10. Amendment; Definitions. All terms and conditions of the Agreement not specifically modified in this VAS Addendum shall remain unchanged and in full force and effect. Unless separately defined herein, capitalized words used in this VAS Addendum as defined terms shall have the same meanings herein as in the Agreement.
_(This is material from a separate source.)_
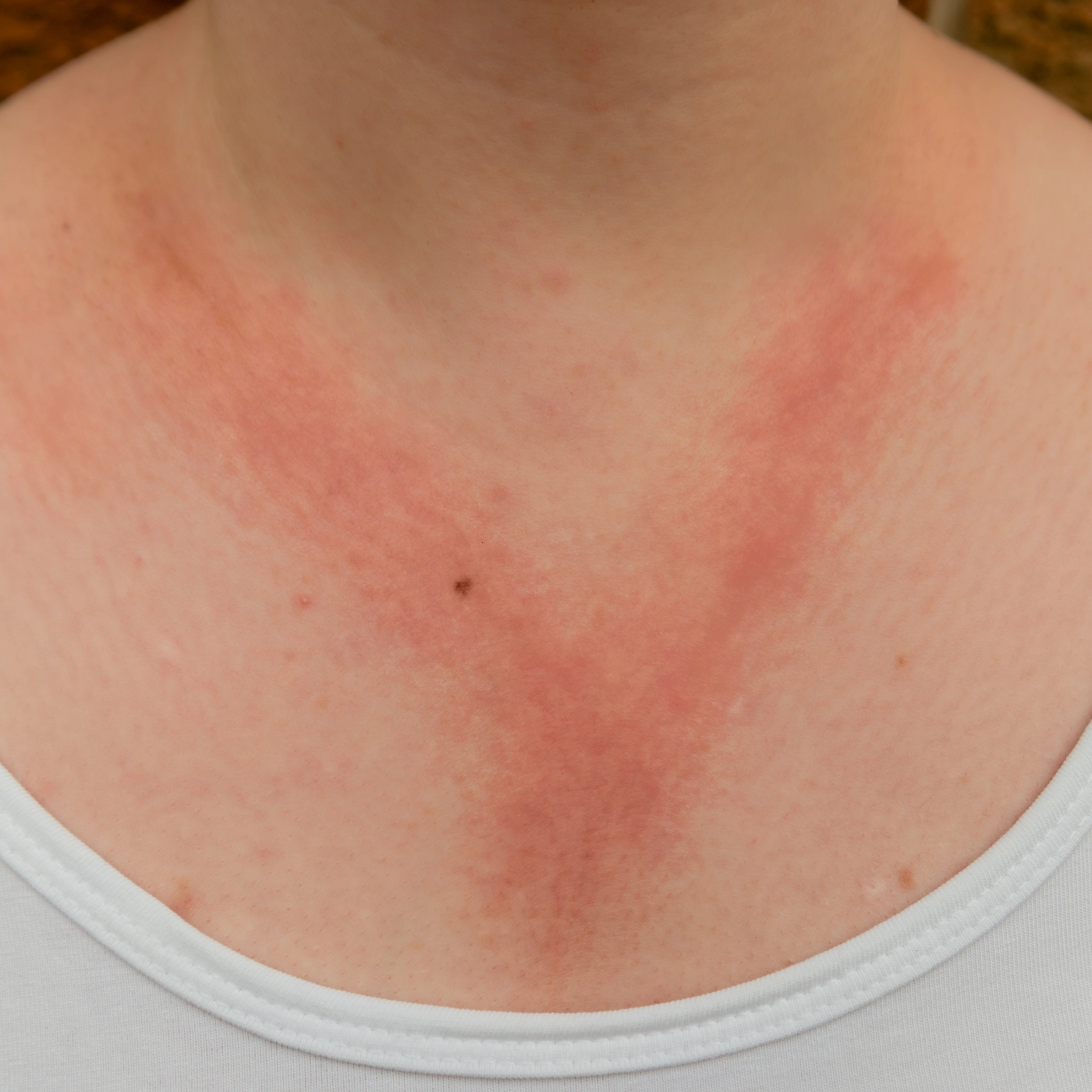 How to manage these common skin rashes?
By clicking I Agree, you agree to pay the Customer Information Manager (CIM) fees set forth above and in accordance with the payment terms of your payment gateway service agreement.

Highlighted
Contributor
Posts: 12
Registered: ‎05-09-2012

Re: Hosted CIM, validationMode set to none, and automatic ValidateCustomerPaymentProfile transaction

And this clearly shows we are right and Authorize.net is wrong.  In section 4 b (i) and 4 b (ii) they clearly state we are responsible for transactions and configuring the settings for our service.  One of the settings as listed in their documentation is the ability to turn OFF validation.  I do NOT want to submit a transaction for validation and want to configure it that way.  They have NOT allowed me to do so and are charging me a "manadatory" fee that is NOT set forth in the CIM service agreement and is not listed as part of the monthly fees associated with CIM.  My favorite line is this where they explicitly say "as You deem necessary" and yet they are not allowing us to do so:

(i) configuring, maintaining and updating, as You deem necessary, the applicable settings for Your Value-Adding Service account;
Highlighted
Member
Posts: 1
Registered: ‎07-15-2012

Re: Hosted CIM, validationMode set to none, and automatic ValidateCustomerPaymentProfile transaction

We recently spent the time and money to switch from DPM to hosted CIM.  I wish we had known that hosted CIM does not work with a great many banks.  Based on my estimate of how many customers have had their test transactions rejected, and therefore never added to the system, it is about 10% or more of banks that do not allow these test transactions.

 

The 0.10 transaction fee is annoying, but it really doesn't matter to me.  What is a problem is that 10% of our customers cannot even pay with this system.  If this had been properly documented, we certainly would not have chosen to implement hosted CIM.  We have already lost hundreds of dollars due to this problem in just one week.

 

Please, Authorize, if you insist on doing the test transaction, you can argue with the other guy about the ten cents, but if it fails, ADD THE PAYMENT PROFILE ANYWAY and just send us an email.

 

Is this likely to be fixed anytime soon or do we just need to bit the bullet and process the credit card ->payment profile creation in our site, and deal with the PCI demon ourselves directly?

Highlighted
Posts: 2,765
Topics: 57
Kudos: 247
Blog Posts: 67
Registered: ‎12-05-2011

Re: Hosted CIM, validationMode set to none, and automatic ValidateCustomerPaymentProfile transaction

The ability to run the CIM Hosted Form in Test Mode was recently added.  See the full details here.

Highlighted
Member
Posts: 1
Registered: ‎08-09-2020

Re: Hosted CIM, validationMode set to none, and automatic ValidateCustomerPaymentProfile transaction

I realize this is old so sorry for dredging this back up.  I see now that this can be a test transaction which is great - but the merchant gets an email for the test transaction and looks strange like the actual "good" transaction didn't go through and is added to the confusion.

 

The question is:   Is there a way to turn of that ValidateCustomerPaymentProfile email off?